Prostituées lausannoises, réfugiés syriens, intérêts russes: le courage politique mis à rude épreuve.

«L’Etat cantonal n’a pas vocation à exploiter des maisons closes.» Il y a des phrases comme ça qui ont toujours l’air de dire plus qu’elles ne disent. Le contexte est pourtant anodin. Les prostituées lausannoises ne sont pas contentes – la fermeture de salons de massage a péjoré leurs conditions de travail – et le conseiller d’Etat Philippe Leuba leur répond.

En plaçant d’entrée la barre très, très bas, notamment face au constat des travailleuses du sexe expliquant que la fermeture des salons les condamne à travailler à l’extérieur et dans des voitures, ce qui augmenterait le risque d’agression: «Je ne vois pas quelle politique dans ce secteur ne suscite pas de critique ou n’expose pas les prostituées ou leurs clients à des risques.»

En gros, messieurs-dames, débrouillez-vous.
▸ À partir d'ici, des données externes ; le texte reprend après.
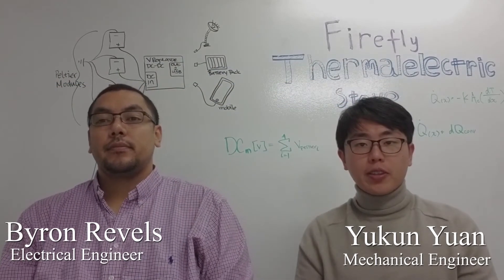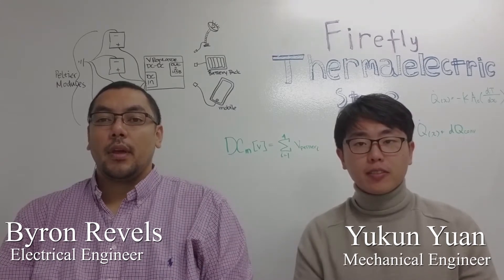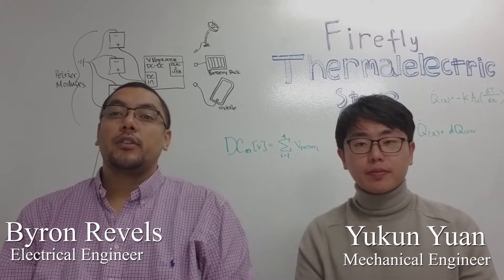Hello, my name is Yukun Yuan, and I'm the mechanical engineer of the team. And my name is Byron Reynolds, and I'm the electrical engineer of the team.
D’ailleurs, c’est bien simple, en bon libéral Leuba décrète, s’agissant du moins de prostitution, l’impuissance totale de l’Etat: «Si une autorité quelconque avait une solution en la matière, cela se saurait.»

Effectivement. Ce mâle principe peut d’ailleurs s’étendre facilement et concerner toute une série d’autres domaines tout aussi chauds. A ceux ainsi qui reprochent à la Suisse de ne prendre que des sanctionnettes contre une Russie dévoreuse d’espace, tirant sur tout ce qui bouge et qui vole, attisant sciemment le conflit avec l’Ukraine, mais partenaire important donc à ménager, le Conseil fédéral pourrait tranquillement siffler la jolie antienne de Leuba: «Si une autorité quelconque avait une solution en la matière, cela se saurait.»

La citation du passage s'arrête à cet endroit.